Drop the pictures and repeat the remaining data exactly.

--

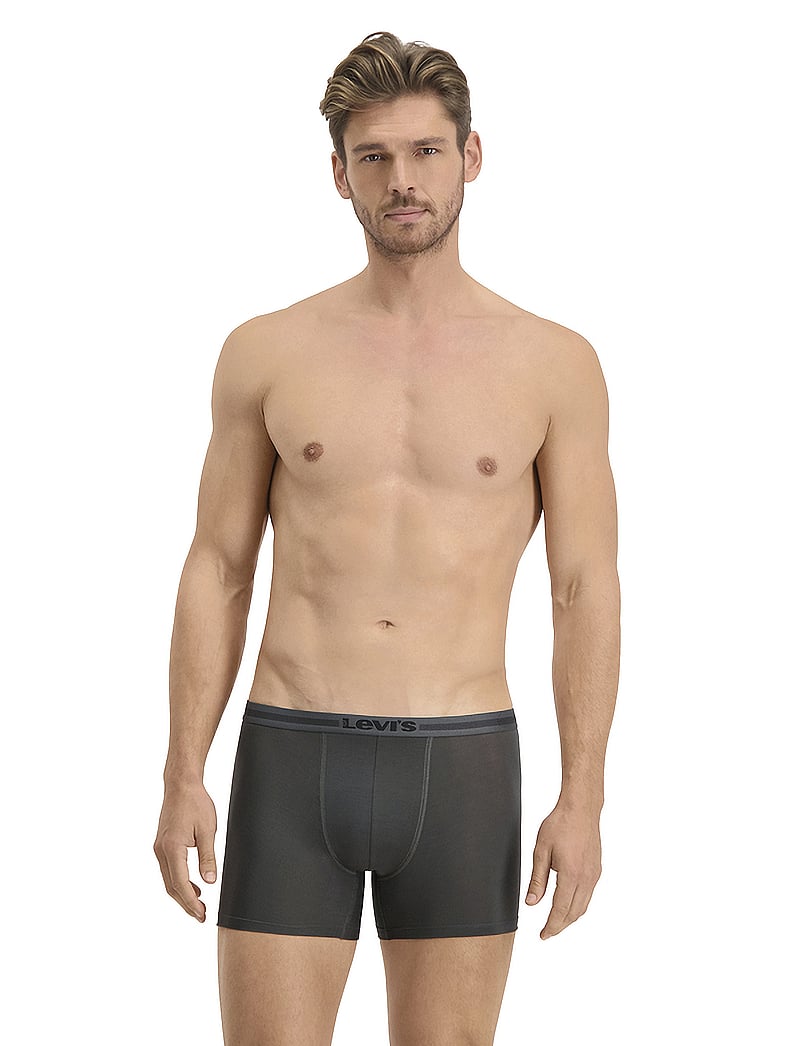Levi's® - LEVIS MEN TENCEL BOXER BRIEF 2P - unterhosen im multipack - dark shadow - 0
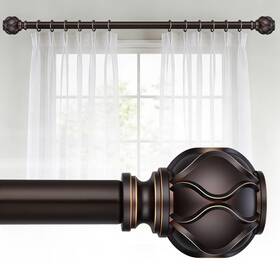 Win4all 714855375144 Bronze Heavy Duty Curtain Rods For Windows 48 To 84 Inch 1 Adjustable D
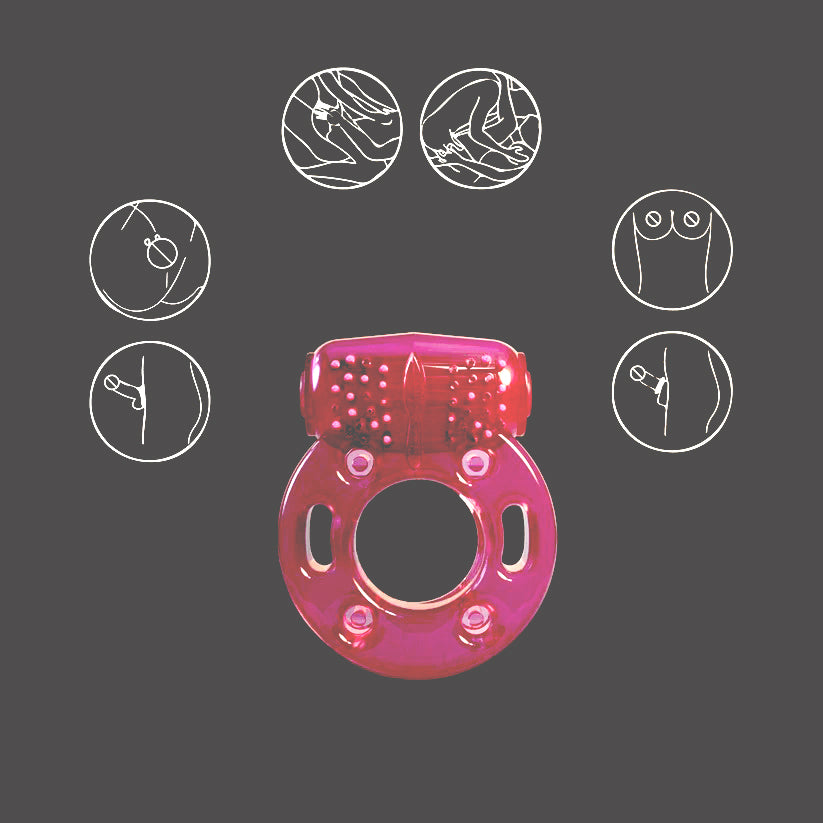 HnH Pleasure Vibrator Ring - Unisex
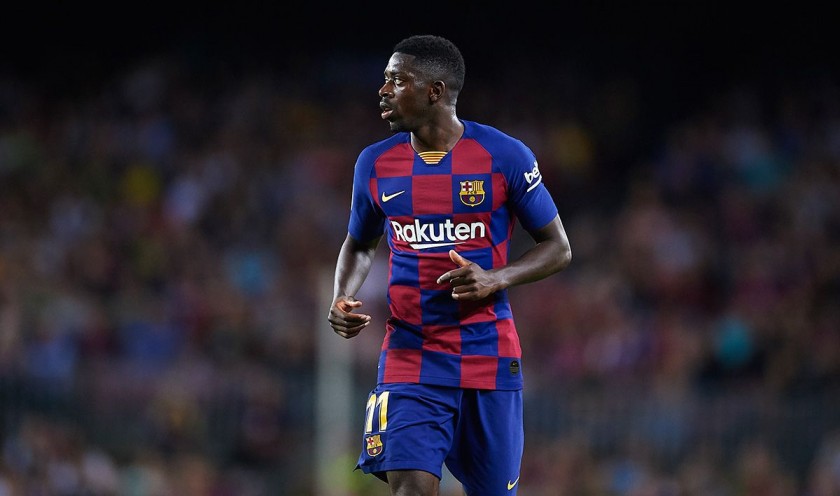 Maglia Ufficiale Dembele Barcellona, 2019/20 - Autografata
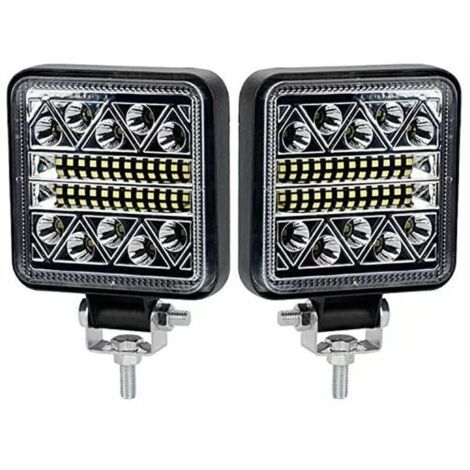 BR-Vie 102W Phare de Travail à LED 10200LM Feux de Recul Led 12v, Phare Led Projecteurs pour voiture, tracteur bateau, 12-24v camion, 2 pcs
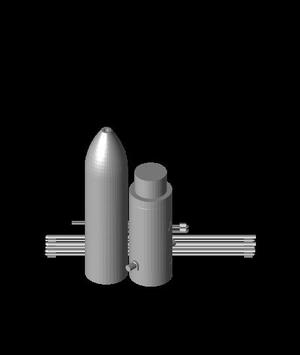Delta IV Heavy - Fairing, Interstage, and Conduits - White.stl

--

:: Reply to the task ::
Levi's® - LEVIS MEN TENCEL BOXER BRIEF 2P - unterhosen im multipack - dark shadow - 0
 Win4all 714855375144 Bronze Heavy Duty Curtain Rods For Windows 48 To 84 Inch 1 Adjustable D
 HnH Pleasure Vibrator Ring - Unisex
 Maglia Ufficiale Dembele Barcellona, 2019/20 - Autografata
 BR-Vie 102W Phare de Travail à LED 10200LM Feux de Recul Led 12v, Phare Led Projecteurs pour voiture, tracteur bateau, 12-24v camion, 2 pcs
Delta IV Heavy - Fairing, Interstage, and Conduits - White.stl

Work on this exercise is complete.